## TASK GOAL
The number of lines in the entries below holding the word "Beach" is all that is needed here.

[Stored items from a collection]
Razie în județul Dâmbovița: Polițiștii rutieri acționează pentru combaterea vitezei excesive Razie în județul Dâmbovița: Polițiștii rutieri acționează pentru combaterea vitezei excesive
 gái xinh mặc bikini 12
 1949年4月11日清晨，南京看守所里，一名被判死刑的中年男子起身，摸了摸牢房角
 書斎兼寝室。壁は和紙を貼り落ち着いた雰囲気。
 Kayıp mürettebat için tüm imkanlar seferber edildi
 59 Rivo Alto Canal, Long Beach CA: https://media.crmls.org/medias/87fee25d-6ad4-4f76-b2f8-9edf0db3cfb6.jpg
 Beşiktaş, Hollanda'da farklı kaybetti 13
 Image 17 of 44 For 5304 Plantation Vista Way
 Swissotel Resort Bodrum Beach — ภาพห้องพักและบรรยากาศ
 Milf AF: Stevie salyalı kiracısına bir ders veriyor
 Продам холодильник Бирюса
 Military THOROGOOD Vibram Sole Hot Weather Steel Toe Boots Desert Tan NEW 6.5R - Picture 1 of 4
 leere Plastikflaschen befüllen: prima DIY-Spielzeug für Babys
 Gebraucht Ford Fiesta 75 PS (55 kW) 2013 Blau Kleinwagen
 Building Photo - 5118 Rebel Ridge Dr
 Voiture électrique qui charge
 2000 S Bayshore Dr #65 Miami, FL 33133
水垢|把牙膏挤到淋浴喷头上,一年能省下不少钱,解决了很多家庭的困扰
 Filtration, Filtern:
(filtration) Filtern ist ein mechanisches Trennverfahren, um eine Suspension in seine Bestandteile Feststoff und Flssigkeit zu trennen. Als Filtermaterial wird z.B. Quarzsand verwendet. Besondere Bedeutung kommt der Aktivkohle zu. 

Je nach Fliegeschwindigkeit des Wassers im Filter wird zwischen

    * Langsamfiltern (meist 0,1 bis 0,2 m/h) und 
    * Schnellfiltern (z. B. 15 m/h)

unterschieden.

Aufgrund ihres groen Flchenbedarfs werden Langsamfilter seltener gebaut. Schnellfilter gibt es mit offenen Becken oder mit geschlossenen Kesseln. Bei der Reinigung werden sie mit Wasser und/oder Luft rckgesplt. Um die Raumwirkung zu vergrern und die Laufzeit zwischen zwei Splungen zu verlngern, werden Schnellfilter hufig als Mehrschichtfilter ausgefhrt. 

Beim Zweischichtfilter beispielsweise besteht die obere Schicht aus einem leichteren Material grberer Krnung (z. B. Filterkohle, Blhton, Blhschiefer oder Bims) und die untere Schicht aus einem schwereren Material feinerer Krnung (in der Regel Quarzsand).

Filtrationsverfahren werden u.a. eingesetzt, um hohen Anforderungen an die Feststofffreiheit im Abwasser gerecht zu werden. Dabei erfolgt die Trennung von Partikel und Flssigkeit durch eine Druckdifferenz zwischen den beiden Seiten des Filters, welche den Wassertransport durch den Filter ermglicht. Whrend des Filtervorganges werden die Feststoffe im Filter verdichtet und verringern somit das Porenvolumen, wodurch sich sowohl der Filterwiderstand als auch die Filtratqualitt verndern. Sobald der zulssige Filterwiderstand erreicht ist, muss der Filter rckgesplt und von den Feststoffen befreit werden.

## RESPONSE TO THE EXERCISE
2